Se para a maioria da população brasileira os bebês reborn surgiram como novidade, trazida à luz como polêmica da vez nas redes sociais, a caxiense Claudia Maccagnan convive há 17 anos com as bonecas hiper-realistas feitas em vinil ou silicone. Ao longo deste período, a artesã soma cerca de mil unidades confeccionadas e comercializadas por valores que variam entre R$ 2 mil e R$ 4 mil, em média.
Trabalhando em quatro encomendas para o mês de maio, Cláudia conta que conheceu a técnica reborn quando pouco se falava do assunto no Brasil. Por trabalhar no estúdio fotográfico da família, onde clicava os ensaios infantis, diz que a afinidade com os bebês ajudou a provocar a atração pelas bonecas artesanais, fora o fato de ser ela mesma mãe de dois bebês de colo à época.
_ Eu tinha dois meninos pequenos na época em que conheci a técnica e o que mais me chamou a atenção foi o lado emocional, de poder reter o tempo e eternizar em forma de bonecos. Qual mãe não iria querer isso? _ questiona.

No atelier que atualmente mantém em seu apartamento no bairro Lourdes, Cláudia produz bonecas dos mais variados tipos, desde prematuros até com o tamanho de um bebê de um ano e meio. A clientela inclui profissionais que trabalham como ferramenta de ensino para situações como simulações de parto e práticas de cuidados com recém-nascidos ou que fazem uso terapêutico para casos de luto, demência ou Alzheimer. A maioria dos pedidos, no entanto, chega de mães que querem bonecas para as filhas brincarem, como qualquer outra produzida em série. E tem aumentado, segundo a artesã, as encomendas de “bebês” feitos por semelhança,quando as mães querem bonecas parecidas com os seus próprios filhos.
_ Neste caso a mãe me manda foto da criança, com no máximo um ano, eu busco na minha coleção de moldes e procuro qual que mais se assemelha para começar a trabalhar e aplicar as técnicas que dão o realismo. Normalmente leva cerca de duas semanas do pedido até a entrega. A parte mais minuciosa é o cabelo, que é colocado fio por fio _ conta, acrescentando que as clientes recebem até uma simulação de exame ultrassom.
A polêmica em torno do tema tem se dado principalmente pela divulgação de casos em que os bebês reborn deixam de ser utilizados não como os brinquedos que são, ando a substituir o afeto humano e preencher carências afetivas. Algo que leva a casos como o de “mães” que levam as bonecas para tomar vacina. A caxiense reconhece que há alguns pedidos incomuns, como podem ser encaradas encomendas de bebês à semelhança de filhos já falecidos, mas que não cabe a ela julgar os motivos de cada cliente.

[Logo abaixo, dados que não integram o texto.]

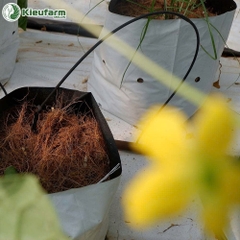 Hệ thống tưới hoàn thiện Kieufarm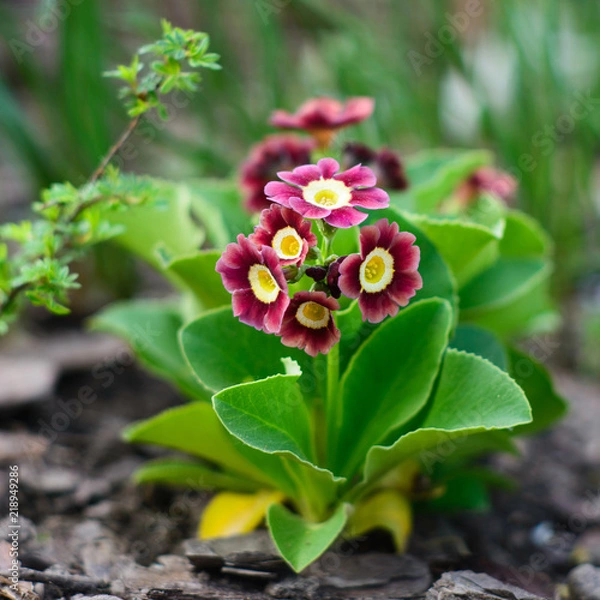 Fototapeta Beautiful primula auricula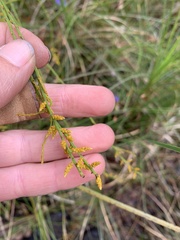 Leptomeria scrobiculata
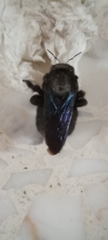 Xylocopa griswoldi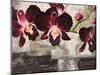 Velvet Orchids-Shin Mills-Mounted Art Print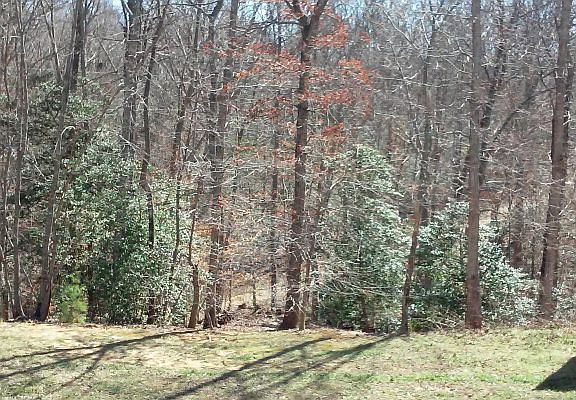 4th image of 473 Eastern View Rd
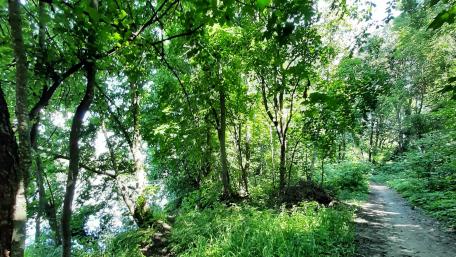 Serene Forest Trail Inviting Nature's Embrace wallpaper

_ Não cabe a mim e eu acho que não cabe a ninguém julgar uma pessoa que não está fazendo mal a ninguém. Tudo que o amor move está valendo. Apesar de tantos comentários maldosos ou desinformados, fico feliz porque a procura pelo meu trabalho está aumentando. Muitas pessoas que não conheciam a arte reborn agora aram a conhecer, seguir o meu perfil, e logo vão querer ter os seus bebês.
Diferenciar o uso lúdico do simbólico
Psicóloga especialista em maternidade, trauma e luto, Arieli Groff alertou em entrevista ao programa Timeline, da Rádio Gaúcha, que a forma como conteúdos são consumidos e produzidos nas plataformas digitais exige cautela, principalmente quando envolve temas delicados como maternidade, perda e saúde mental:
— Em tempos de redes sociais, onde tão facilmente a gente compara o nosso bastidor com o palco do outro, isso pode ser perigoso.
Arieli explicou que é preciso diferenciar os usos lúdicos ou simbólicos dos bebês reborn — como objetos de coleção ou obras de arte — de situações em que há um rompimento com a realidade.
Sobre o primeiro tipo de uso, observou:
— Assim como há homens que colecionam bonequinhos ou se envolvem com videogames de maneira disfuncional, precisamos entender por que há tanto incômodo em ver mulheres colecionando bonecas. Que atravessamentos estão aí?
A psicóloga ressalvou que, especialmente em situações de luto, o uso dos bebês reborn exige atenção redobrada:
— O luto precisa ser um processo de ressignificação simbólica. Quando uma mulher perde um filho, por exemplo, é através do simbolismo que ela elabora essa dor. Se um bebê reborn ocupa esse lugar, pode haver risco de um luto complexo, em que ela não simboliza a perda, mas tenta substituí-la concretamente.